There’s one big unknown that De Schipper still wants to resolve: “Every day, huge quantities of sand move offshore. Sand that is just below the water slowly creeps up the beach or sinks back down slowly. We already know some basic principles. Large replenishments or such a new beach are examples of what they call manipulative experiments in ecology. We disrupt the natural balance slightly in order to see what happens”, he explains. For his dream experiment, he would deposit sand that was labelled in some way along hundreds of metres of coast. “That way, we would be able to track that sand at grain level so we could see exactly where the sand that we deposit ends up and the associated timescale.”
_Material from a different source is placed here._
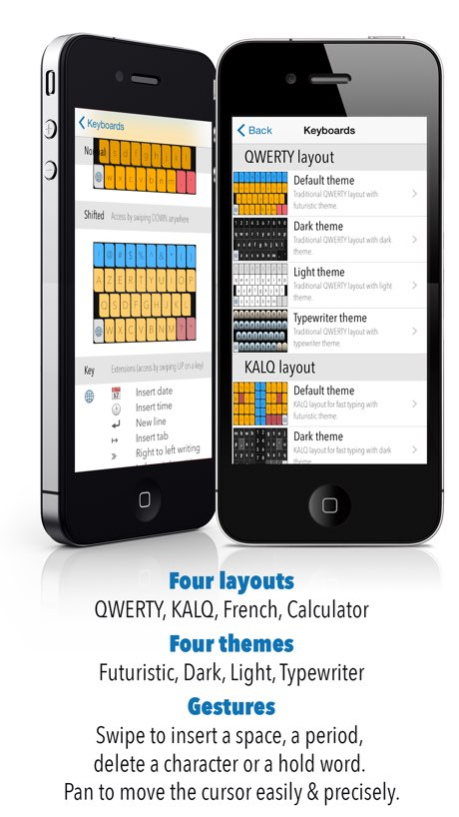 KeyKit Latin 1.5 Screenshot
That knowledge is important as coastal maintenance solutions are still being proposed based on experience. “We see that something works globally but we can’t carry out precise calculations for it yet. With numerical models, we would be able to carry out projects of this type in different parts of the world much more easily.”

Soft versus hard

So building with nature as an export product, as it is already being carried out successfully. Yet there is one aspect of this typically Dutch approach that is met with criticism at times. “Ecologists abroad sometimes consider it impertinent how we create nature in the Netherlands. That it's not right”, says De Schipper. “Personally, I think this ability to produce something is beautiful. And what is real nature anyway?” Ton: “The combination of building materials and nature is interesting and they can even reinforce each other. Just look at how ecology has developed at the Houtribdijk.” Besides opportunities to make the coastline more ecologically diverse, there is another long-term benefit. De Schipper: “The raising of dikes involves high costs and emissions. Softer solutions are much easier to adapt to changing conditions such as rising sea levels or new ecological insights.” And that is a major benefit in these times of climatological uncertainty.